It’s not a start-up per se, nor is it a web company, but the Large Hadron Collider is damn cool — and important. It was fired up this weekend for its first ever test, and despite fears of the world ending due to the device, that hasn’t happened yet.

The Large Hadron Collider (or LHC) is a particle accelerator built by CERN in Geneva, Switzerland. With a 17 mile circumference, it’s the world’s largest and most powerful accelerator. Scientists hope that using it to create environments similar to those found near the time that the Big Bang occurred, they will be able to unlock new secrets of our universe.

What kind of secrets? Oh, just some minor details not yet known to science, such as how elemental particles obtain mass.

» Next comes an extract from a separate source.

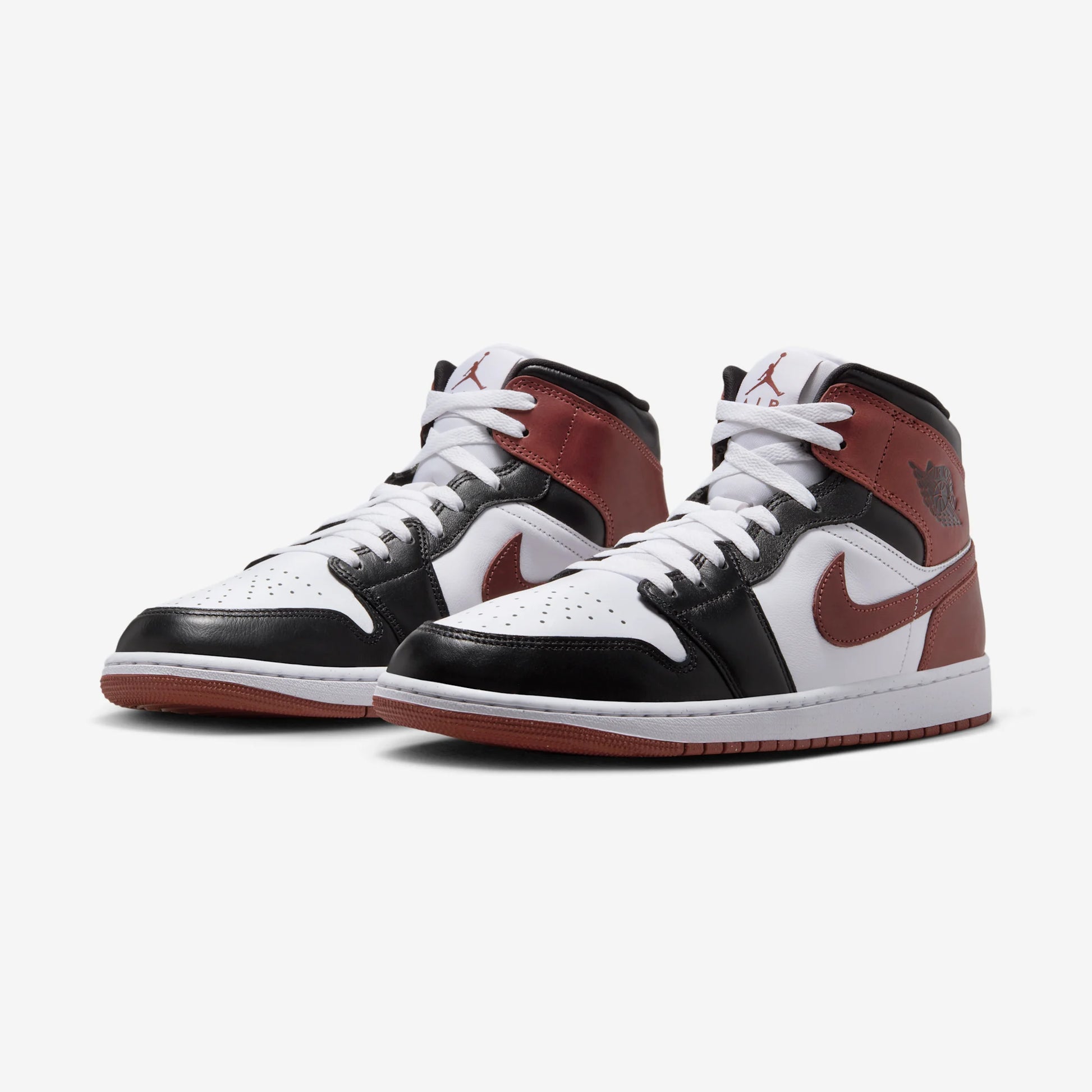 Jordan 1 Mid SE Dark Pony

The science blog Cosmic Variance has a great rundown of what the LHC could find. At the top of this list is the Higgs boson, which is the only particle in the Standard Model (the theory that describes the fundamental interactions between the particles that make up all matter), that hasn’t yet been detected. The site thinks there is a 95 percent chance the LHC finds this particle, and that could lead to a much better understanding of how our universe works.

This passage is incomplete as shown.